Tully and Governor Edgar ultimately filed cross-motions for summary judgment in the circuit court, alleging that no issues of fact existed and that the case could be resolved as a matter of law. The circuit court granted Tully’s motion for summary judgment and declared the Act unconstitutional on several grounds. The court first found that the Act violates the right to vote contained in article III, section 1, of the Illinois Constitution. The court stated that the right to vote is a fundamental right and that the State had failed to identify a compelling state interest that required the statutory abridgment of the Board of Trustee’s elected terms of office. The circuit court did not consider Tully’s allegations that the Act violates sections 3 and 4 of article III of the Illinois Constitution.

The circuit court also found that the Act violates *303the contract clause of the United States Constitution (U.S. Const., art. I, § 10), an argument advanced by Calder in her affirmative pleadings. The circuit court held that the Act ends the perpetual succession of the Board of Trustees by substituting a "wholly new body in its stead,” in violation of the contract clause of the United States Constitution (U.S. Const., art. I, § 10). The court also accepted Calder’s argument that the Act violates the amendment-by-reference provision found in article IV, section 8(d), of the Illinois Constitution, which requires that "a bill amending a law shall set forth completely the sections amended.” The court’s finding was again based upon its conclusion that the Act purports to end the perpetual succession of the Board, but fails to set out in its text section 1 of the University of Illinois Act (110 ILCS 305/1 (West 1994)); which provides the Board with perpetual succession.

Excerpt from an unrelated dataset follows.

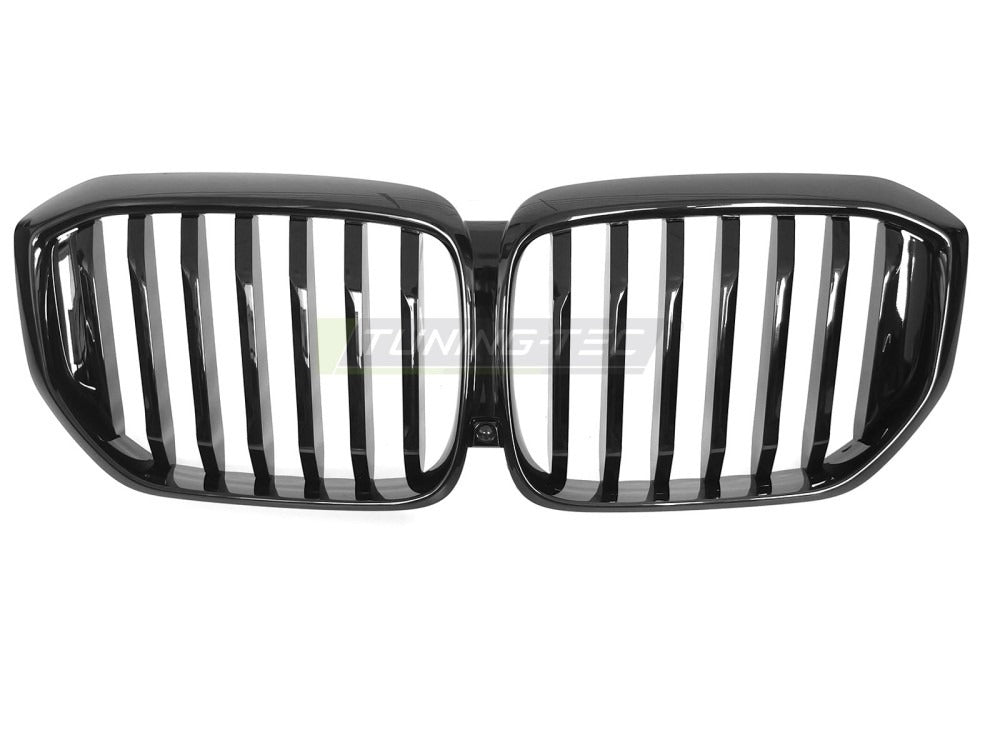 Detaljbilde av Grill X5 G05 LCI 23- blank sort med lamellstruktur og BMW-nyrer.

Subsequently, the circuit court entered an agreed order allowing the Attorney General leave to file an appearance on behalf of Senate President Philip and to adopt all pleadings and motions filed on behalf of Governor Edgar. The court then entered judgment for Tully and against all defendants. Judgment was also entered for Calder on paragraphs 1 and 2 of her cross-claim. Governor Edgar and Senate President Philip filed a direct appeal in this court.

ANALYSIS

Before addressing the constitutional challenges raised in this appeal, it is useful to clarify that certain issues are not raised. The appellants devote a significant portion of their brief to the question of whether the General Assembly, having created an office, enjoys the power thereafter to alter the nature of the office or to change the manner in which the officers come to serve. Tully and Calder concede that the General Assembly has the power to change the office of trustee from an *304elective to an appointive office. They argue, however, that in exercising such power, the General Assembly may not transgress constitutional limitations. They claim that the General Assembly ran afoul of various provisions of the United States and Illinois Constitutions when it provided for the removal, without cause, of the nine elected trustees from office before the expiration of their six-year terms.

I. Right to Vote

A. Standard of Review

Tully claims that the Act violates his right of suffrage and the right of those similarly situated, in violation of article III, section 1, of the Illinois Constitution. The starting point of our inquiry is the appropriate standard of review. Legislation challenged in this court benefits from a presumption of constitutionality. Potts v. Illinois Department of Registration & Education, 128 Ill. 2d 322, 332 (1989). Courts examining the constitutional validity of a statute will ordinarily apply the rational basis test. Potts, 128 Ill. 2d at 329. Under this test, a statute will be upheld if it bears a rational relationship to a legitimate legislative purpose and is neither arbitrary nor discriminatory. Boynton v. Kusper, 112 Ill. 2d 356, 369 (1986).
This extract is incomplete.